I train bert to do mask language modeling (MLM) of next sentence prediction (NSP) tasks. But I am confused about the loss function.

```
import torch
from torch import tensor
import torch.nn as nn
```

Let’s start with NSP.

Indeed, let’s suppose that I have three pairs of sentences (ie batch_size=3) and that for these three sentences the labels are the following (0 = noNext, 1=isNext) :

```
is_next = tensor([0, 1, 1]) # batch_size
```

Since in my dataset some sentences are too short for the NSP task, I also have a tensor that informs me whether this was done (1) or not (0): i.e. whether the entry was in the form `[CLS] segment_A [SEP] segment_B [SEP]`

(1) or just `[CLS] segment_A [SEP]`

(0).

```
is_next_weight = tensor([1, 1, 0]) # batch_size, no SNP for the last sentence
```

Let’s suppose that my model returns the following logits:

```
logits_clsf = tensor([[0.3797, 0.6203], [0.4363, 0.5637], [0.3797, 0.6203]]) # batch_size x 2
```

I have a loss function :

```
criterion2 = nn.CrossEntropyLoss()
```

At this level I have two ways to have my final loss.

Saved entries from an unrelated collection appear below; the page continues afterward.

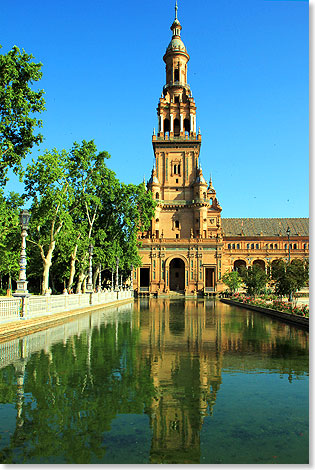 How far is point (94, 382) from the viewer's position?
9336 mm

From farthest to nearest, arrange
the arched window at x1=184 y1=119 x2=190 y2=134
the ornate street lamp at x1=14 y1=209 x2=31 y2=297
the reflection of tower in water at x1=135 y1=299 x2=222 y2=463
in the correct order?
1. the arched window at x1=184 y1=119 x2=190 y2=134
2. the ornate street lamp at x1=14 y1=209 x2=31 y2=297
3. the reflection of tower in water at x1=135 y1=299 x2=222 y2=463

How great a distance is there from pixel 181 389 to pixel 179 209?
72.4 meters

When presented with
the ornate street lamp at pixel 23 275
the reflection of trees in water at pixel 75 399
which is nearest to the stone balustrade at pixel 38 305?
the ornate street lamp at pixel 23 275

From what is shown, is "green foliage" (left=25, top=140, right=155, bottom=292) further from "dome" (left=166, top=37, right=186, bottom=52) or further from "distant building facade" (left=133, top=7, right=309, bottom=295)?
"dome" (left=166, top=37, right=186, bottom=52)

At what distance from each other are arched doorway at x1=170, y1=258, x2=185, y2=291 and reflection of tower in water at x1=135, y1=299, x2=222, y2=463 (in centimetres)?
6371

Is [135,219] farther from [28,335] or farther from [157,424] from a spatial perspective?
[157,424]

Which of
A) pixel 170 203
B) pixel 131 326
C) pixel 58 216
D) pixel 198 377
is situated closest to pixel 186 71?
pixel 170 203

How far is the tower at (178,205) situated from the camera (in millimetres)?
74875

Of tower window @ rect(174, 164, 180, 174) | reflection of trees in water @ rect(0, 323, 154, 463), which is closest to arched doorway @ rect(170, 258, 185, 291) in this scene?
tower window @ rect(174, 164, 180, 174)

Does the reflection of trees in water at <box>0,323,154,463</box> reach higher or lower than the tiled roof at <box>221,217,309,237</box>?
lower

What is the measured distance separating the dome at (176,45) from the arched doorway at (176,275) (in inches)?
1754

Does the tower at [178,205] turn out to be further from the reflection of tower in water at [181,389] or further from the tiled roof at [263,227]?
the reflection of tower in water at [181,389]

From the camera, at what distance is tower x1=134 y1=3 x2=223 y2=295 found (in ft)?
246

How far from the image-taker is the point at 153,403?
7.89 m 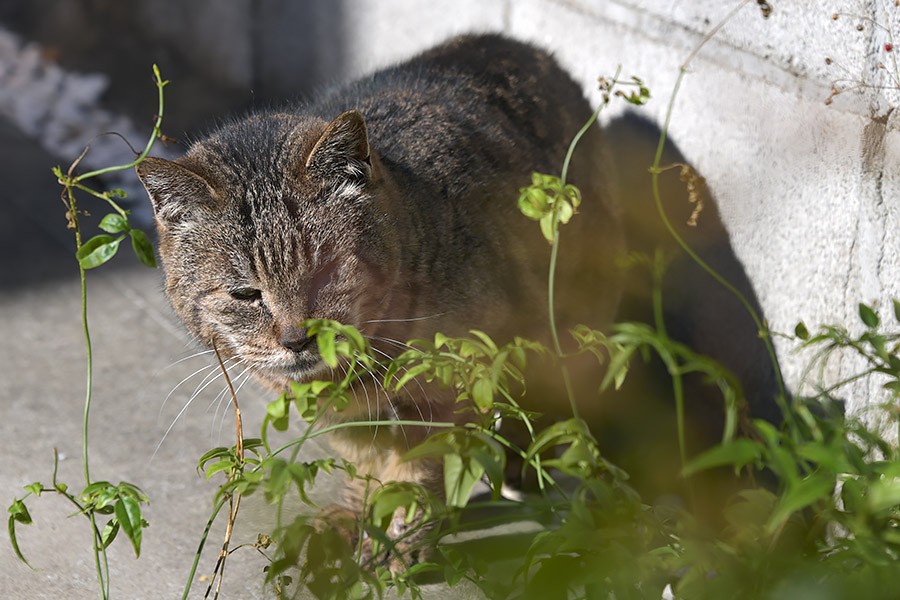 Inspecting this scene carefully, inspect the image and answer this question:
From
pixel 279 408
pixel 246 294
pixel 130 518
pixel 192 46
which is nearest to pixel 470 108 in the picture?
pixel 246 294

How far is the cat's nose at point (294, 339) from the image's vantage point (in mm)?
1533

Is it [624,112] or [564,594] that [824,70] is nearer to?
[624,112]

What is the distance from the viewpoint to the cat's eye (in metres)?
1.59

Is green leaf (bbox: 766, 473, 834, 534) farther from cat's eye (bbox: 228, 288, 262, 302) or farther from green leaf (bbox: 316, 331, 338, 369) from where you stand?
cat's eye (bbox: 228, 288, 262, 302)

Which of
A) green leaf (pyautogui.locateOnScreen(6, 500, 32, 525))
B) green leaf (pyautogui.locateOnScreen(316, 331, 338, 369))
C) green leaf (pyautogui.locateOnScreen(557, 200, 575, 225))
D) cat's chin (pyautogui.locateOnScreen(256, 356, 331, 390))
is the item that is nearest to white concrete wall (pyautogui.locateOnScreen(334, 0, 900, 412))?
green leaf (pyautogui.locateOnScreen(557, 200, 575, 225))

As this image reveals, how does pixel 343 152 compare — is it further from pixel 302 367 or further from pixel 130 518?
pixel 130 518

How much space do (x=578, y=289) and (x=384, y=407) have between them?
0.65 metres

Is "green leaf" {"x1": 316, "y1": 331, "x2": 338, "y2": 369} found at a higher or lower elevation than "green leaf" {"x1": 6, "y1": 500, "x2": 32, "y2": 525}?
higher

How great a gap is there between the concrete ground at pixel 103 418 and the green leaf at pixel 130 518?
0.60 m

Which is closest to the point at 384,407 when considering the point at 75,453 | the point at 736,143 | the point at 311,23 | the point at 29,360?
the point at 75,453

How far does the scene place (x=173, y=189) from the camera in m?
1.56

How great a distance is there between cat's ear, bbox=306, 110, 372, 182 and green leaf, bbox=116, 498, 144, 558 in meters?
0.71

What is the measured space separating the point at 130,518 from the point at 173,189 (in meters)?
0.68

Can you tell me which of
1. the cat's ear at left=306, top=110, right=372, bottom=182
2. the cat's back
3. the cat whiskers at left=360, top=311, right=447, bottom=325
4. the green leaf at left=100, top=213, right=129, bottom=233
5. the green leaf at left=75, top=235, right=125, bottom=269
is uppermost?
the cat's back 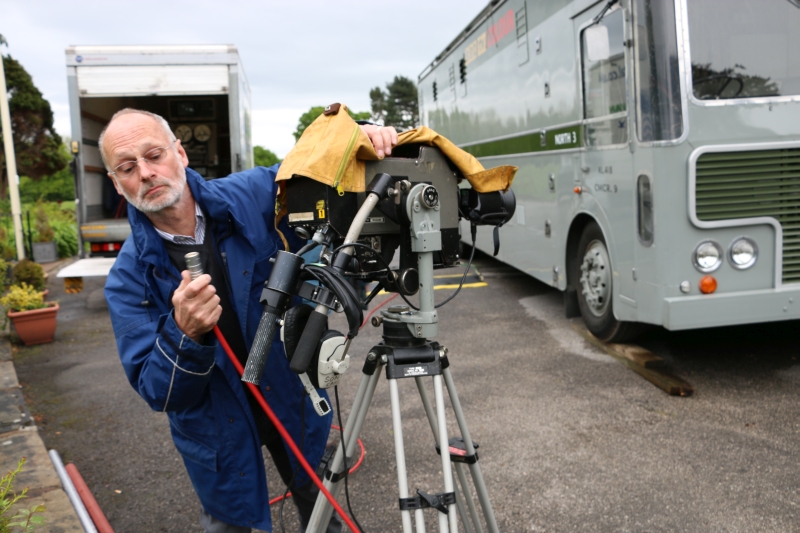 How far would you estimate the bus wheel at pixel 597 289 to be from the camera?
562 cm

- either I calculate its value without excluding the unwanted entries, then I average the desired entries.

```
loss_clsf = criterion2(logits_clsf, is_next)
loss_clsf = (loss_clsf*is_next_weight.float()).mean()
>>> tensor(0.4516)
```

- or I select only the desired entries and calculate the loss with them.

```
is_next = is_next [is_next_weight == 1]
logits_clsf = logits_clsf [is_next_weight == 1]
loss_clsf = criterion2(logits_clsf, is_next)
>>> tensor(0.7261)
```

I also have this concern at the MLM level. As the number of masked tokens depends on each sentence, I sometimes complete, with torch.nn.utils.rnn.pad_sequence, masked_ids, which contains here the ids of the masked tokens, so that they have the same length for the same batch (pytorch constraint).

Let us take an example with a batch_size of 3 and a vocabulary of size `n_vocab=5`

(it is just to make simple: 0 = pad_index, one ignores the ids of the special tokens like `[UNK]`

, `[CLS]`

and `[SEP]`

): 1 token of id `[2]`

is masked in the first sentence of the batch, 2 tokens of ids `[1, 2]`

are masked in the second and 3 in the last, of ids `[1,3,4]`

.

Then, `max_len = 3`

(number of masked tokens in the last one) and :

```
masked_ids = tensor([[2, 0, 0], [1, 2, 0], [1, 3, 4]]) # batch_size x max_len
masked_weights = tensor([[1, 0, 0], [1, 1, 0], [1, 1, 1]]) # batch_size x max_len
```

masked_weights is 1 for real masked tokens and 0 for padding tokens.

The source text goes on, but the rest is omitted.